This page attempts to teach Bash scripting from a data-driven, or task-oriented approach. Regional weather data was downloaded for around two weeks from NOAA. The goal of the commands on this page is to parse the data using simple scripting techniques.
These lessons assume you have a Biowulf account and are working within a temporary, local scratch disk on a node. Any changes made to the downloaded files during the session will be lost unless the files are copied to your own /home or /data directory!
Getting started
Log into Biowulf:
ssh user@biowulf.nih.gov
Make sure you are running Bash:
echo $0
Allocate an interactive session with local scratch space so that I/O operations on the data are as fast as possible.
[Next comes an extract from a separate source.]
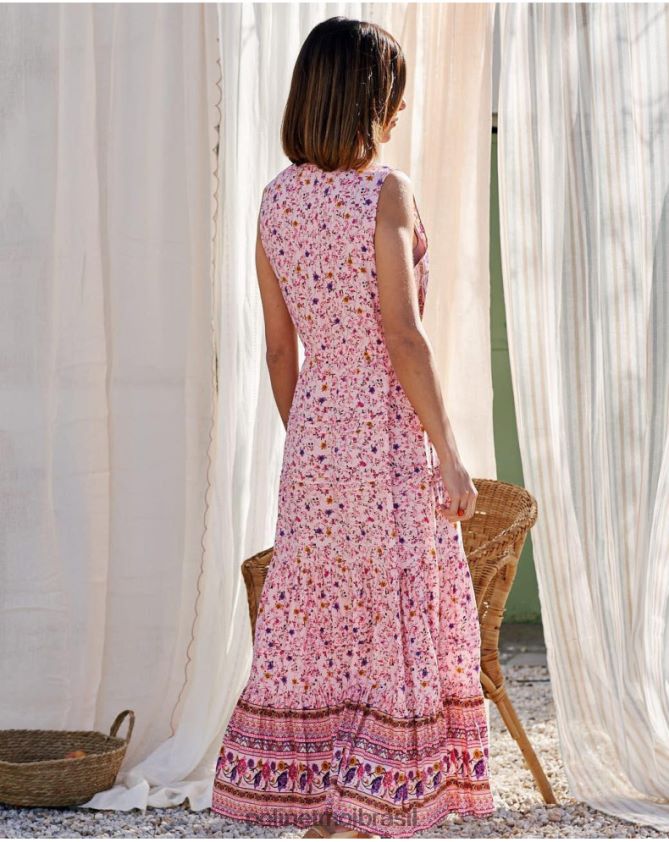 Polin et moi rosa vestido queimado clia roupas 6PL24679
This command assumes you are already logged into Biowulf. By default, you will have access to 2 CPUs and 1.5GB of RAM. The session will last for 8 hours.
sinteractive --gres=lscratch:5
Copy the data into the local scratch space.
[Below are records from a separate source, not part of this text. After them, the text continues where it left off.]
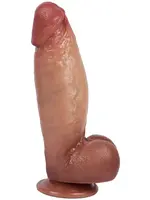 Ultra realistic dildo silicone - 22 cm
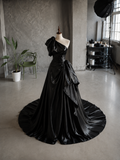 Load image into Gallery viewer, Gracelyn Minimalist Satin Wedding Dress, Sleek Sheath Bridal Gown with Train image 7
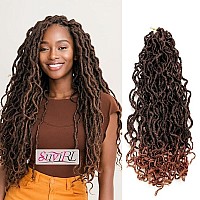 New Goddess Locs Crochet Hair 22 Faux Locs Crochet Hair Hippie Locs Synthetic Extension Ombre Crochet Locs Boho Style Crochet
cd /lscratch/$SLURM_JOB_ID mkdir bash_class cd bash_class cp -R /data/classes/bash/* . tar -C data -x -z -f data/weather_data.tgz
If you are not on Helix or Biowulf, you can download the data using either wget or curl.
wget https://hpc.nih.gov/training/handouts/BashScripting.tgz
curl https://hpc.nih.gov/training/handouts/BashScripting.tgz > BashScripting.tgz
Untar the data
tar -x -v -f BashScripting.tgz tar -C data -x -z -f data/weather_data.tgz
Have a look at the data. There should be about 63MB of data, 71MB including examples and scripts.
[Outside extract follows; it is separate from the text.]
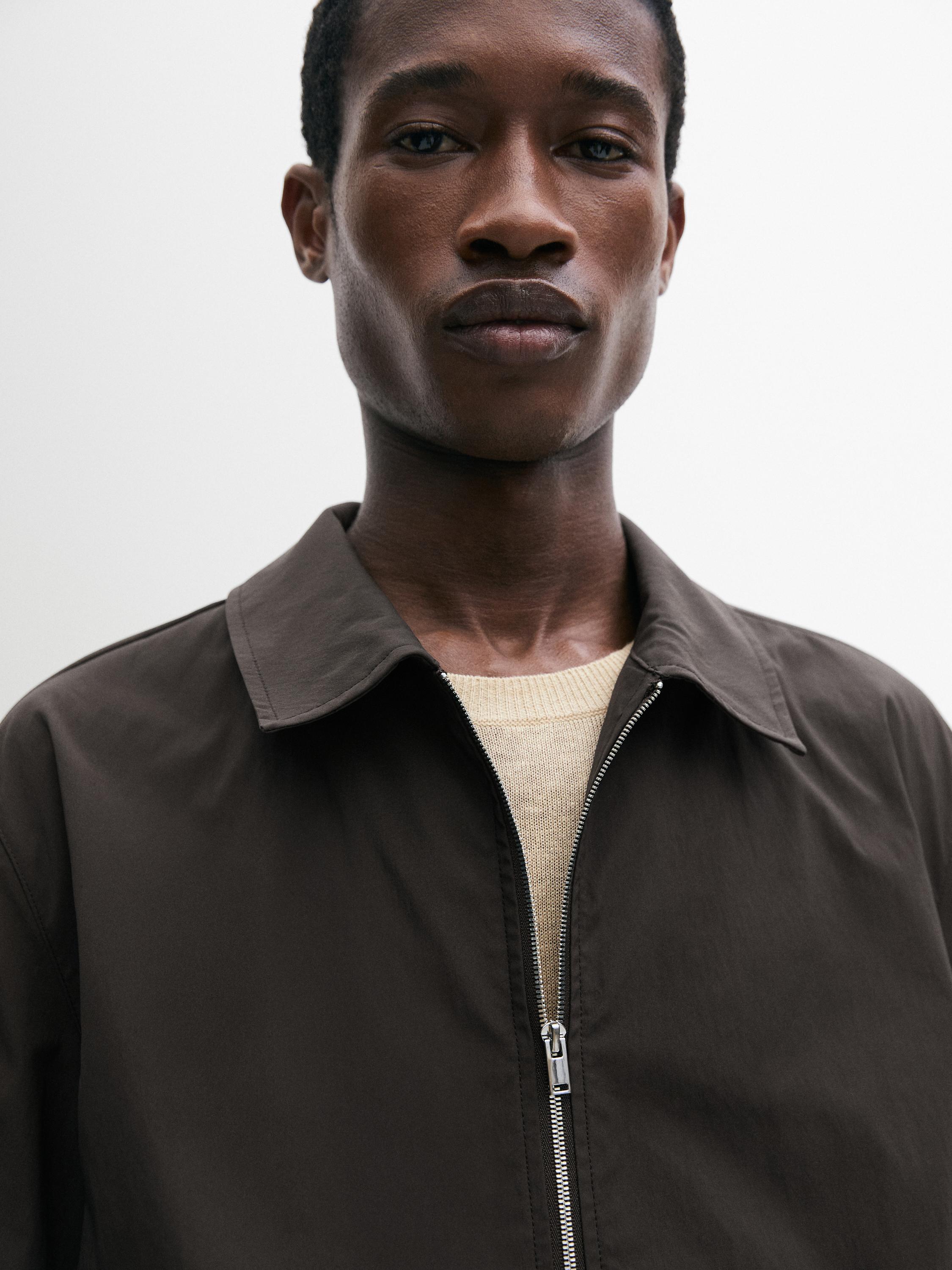 Blouson court total look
ls ls data/weather-2017-10-09-00-00-01/ ls data/weather-2017-10-09-00-00-01/md/ file data/weather-2017-10-09-00-00-01/md/mdz009.txt stat data/weather-2017-10-09-00-00-01/md/mdz009.txt tree data cat data/weather-2017-10-09-00-00-01/md/mdz009.txt
Get down and dirty with the data
Run some simple and piped commands to display the temperature, humidity, and air pressure of a given city at a given time.
Look at all the data
cat data/weather-2017-10-10-06-00-01/md/mdz009.txt
Pull out only the lines that are for Gaithersburg
grep GAITHERSBURG data/weather-2017-10-10-06-00-01/md/mdz009.txt
Case insensitive search this time
grep gaithersburg data/weather-2017-10-10-06-00-01/md/mdz009.txt
grep --ignore-case gaithersburg data/weather-2017-10-10-06-00-01/md/mdz009.txt
Get all the timepoints for the data, using --recursive or -R
grep --recursive --ignore-case gaithersburg data/*/md
Get rid of the file information
grep --no-filename --recursive --ignore-case gaithersburg data/*/md
Sort the data
grep --no-filename --recursive --ignore-case gaithersburg data/*/md | sort
Sort based on temperature - fail
grep --no-filename --recursive --ignore-case gaithersburg data/*/md | sort -k3
grep --no-filename --recursive --ignore-case gaithersburg data/*/md | sort -nk3
grep --no-filename --recursive --ignore-case gaithersburg data/*/md | sort -rnk3
Sort using character position, rather than delimiter
grep --no-filename --recursive --ignore-case gaithersburg data/*/md | cut -c1-14,26-27
grep --no-filename --recursive --ignore-case gaithersburg data/*/md | sort -k 1.26,1.27
Reverse the sort -- change ascending to descending
grep --no-filename --recursive --ignore-case gaithersburg data/*/md | sort -k 1.26,1.27r
Sort ascending by relative humidity -- fail because of leading space -- fix by treating as numeric
grep --no-filename --recursive --ignore-case gaithersburg data/*/md | sort -k 1.33,1.35
grep --no-filename --recursive --ignore-case gaithersburg data/*/md | sort -k 1.33,1.35n
Multi-column sort
grep --no-filename --recursive --ignore-case gaithersburg data/*/md | sort -k 1.33,1.35n -k 1.26,1.27r
Isolate the most humid moment in time
grep --no-filename --recursive --ignore-case gaithersburg data/*/md | sort -k 1.33,1.35n | tail
grep --no-filename --recursive --ignore-case gaithersburg data/*/md | sort -k 1.33,1.35n | tail -n 1
grep --recursive "FOG 65 65 100 CALM" data/*/md/*
grep --recursive "GAITHERSBURG* FOG 65 65 100 CALM" data/*/md/*
grep --recursive "GAITHERSBURG\* FOG 65 65 100 CALM" data/*/md/*
Isolate the least humid moment in time
grep --no-filename --recursive --ignore-case gaithersburg data/*/md | sort -k 1.33,1.35n | head -n 1
grep --recursive "GAITHERSBURG\* MOSUNNY 83 64 52 S15 30.02F" data/*/md/*
grep --recursive 'GAITHERSBURG\* MOSUNNY 83 64 52 S15 30.02F' data/*/md/*
Get the average temperature
grep -h -r -i gaithersburg data/*/md | cut -c26-27 | awk '{sum+=$1; num++ } END { print sum,num,sum/num}'
Scripting
Had enough of grep? Had enough of typing again and again? Let's create a script. nano is a simple text-based file editor that is intuitive and easy to use.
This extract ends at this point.